- [What is expected]
Exactly as they appear, retype the lines from the one containing "sala com pessoas assistindo palestras" through the final line of the data below. Leave pictures out.

────────────────────

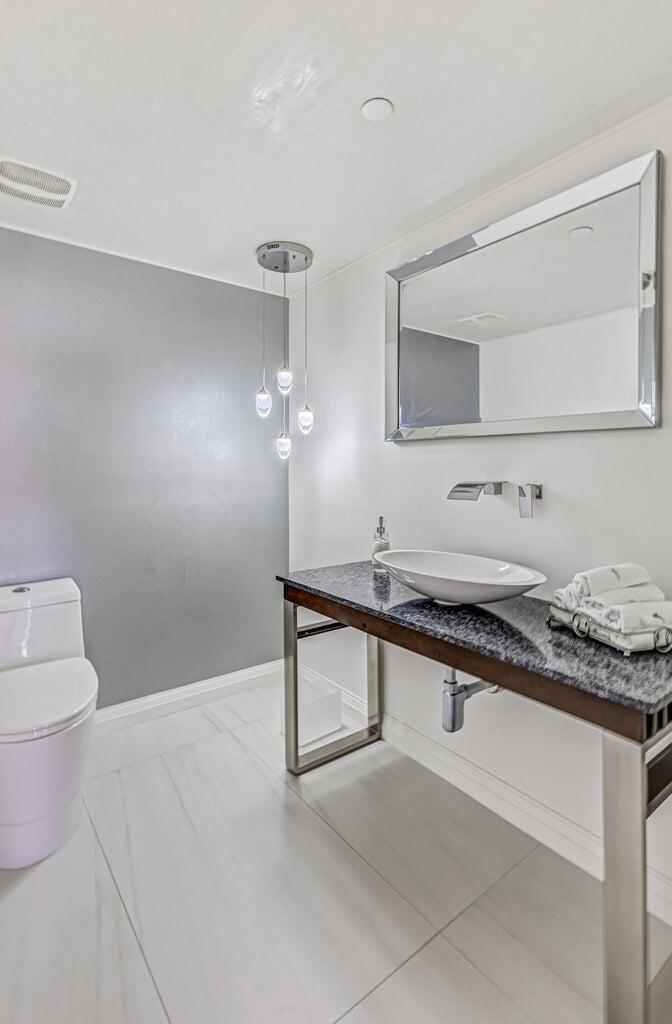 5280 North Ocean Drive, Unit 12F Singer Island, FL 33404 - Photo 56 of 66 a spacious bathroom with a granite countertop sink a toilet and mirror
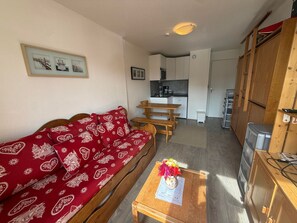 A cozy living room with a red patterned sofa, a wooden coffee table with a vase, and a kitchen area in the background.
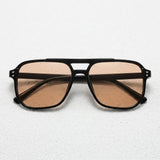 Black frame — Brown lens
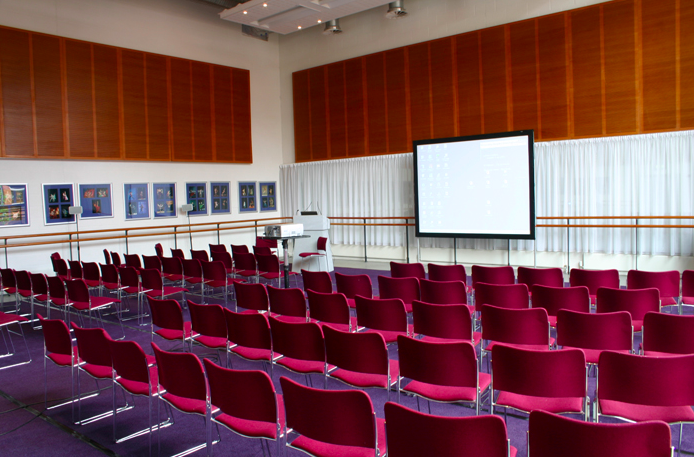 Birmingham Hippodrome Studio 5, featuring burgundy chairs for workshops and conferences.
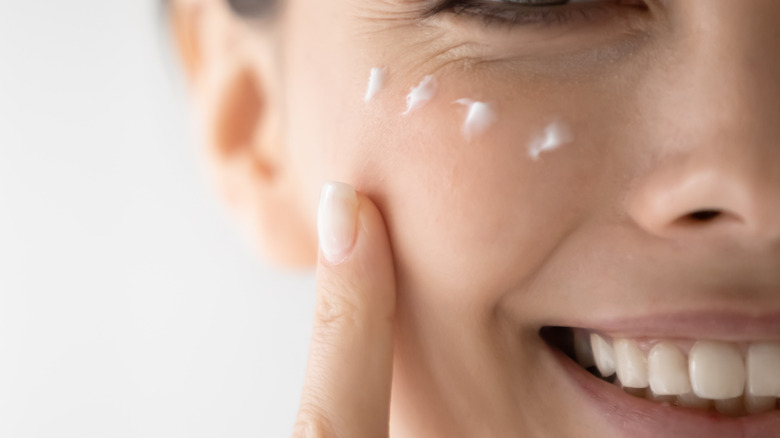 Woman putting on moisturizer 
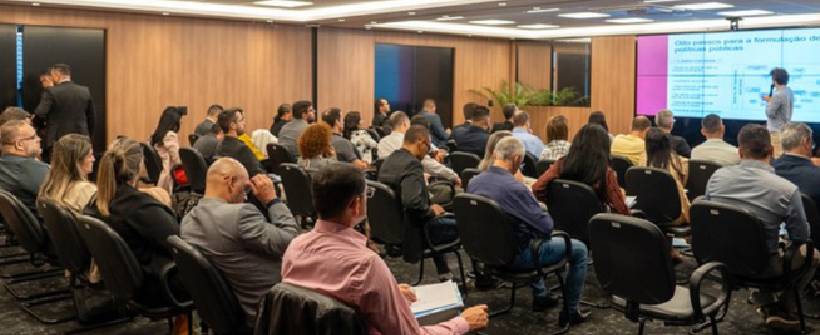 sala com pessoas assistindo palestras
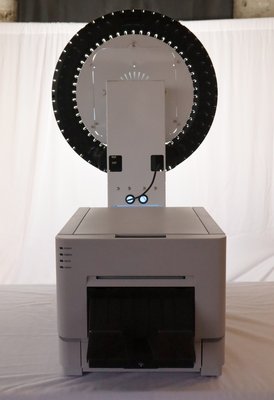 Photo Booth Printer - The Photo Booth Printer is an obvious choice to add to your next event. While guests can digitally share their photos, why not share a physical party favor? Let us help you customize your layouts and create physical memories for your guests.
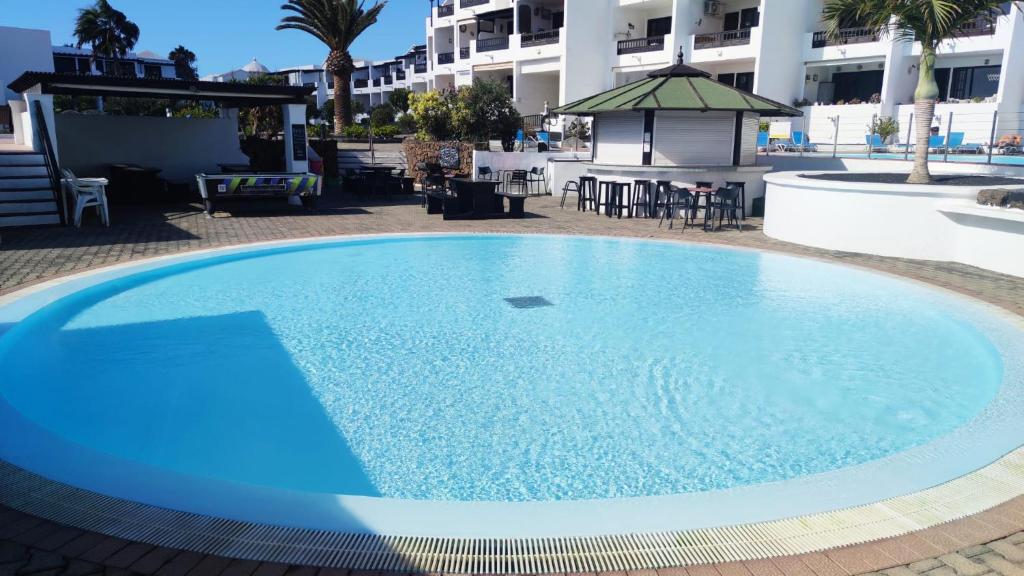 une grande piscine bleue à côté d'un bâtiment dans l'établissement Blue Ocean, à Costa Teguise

────────────────────

- [Answer to this problem]
 sala com pessoas assistindo palestras
 Photo Booth Printer - The Photo Booth Printer is an obvious choice to add to your next event. While guests can digitally share their photos, why not share a physical party favor? Let us help you customize your layouts and create physical memories for your guests.
 une grande piscine bleue à côté d'un bâtiment dans l'établissement Blue Ocean, à Costa Teguise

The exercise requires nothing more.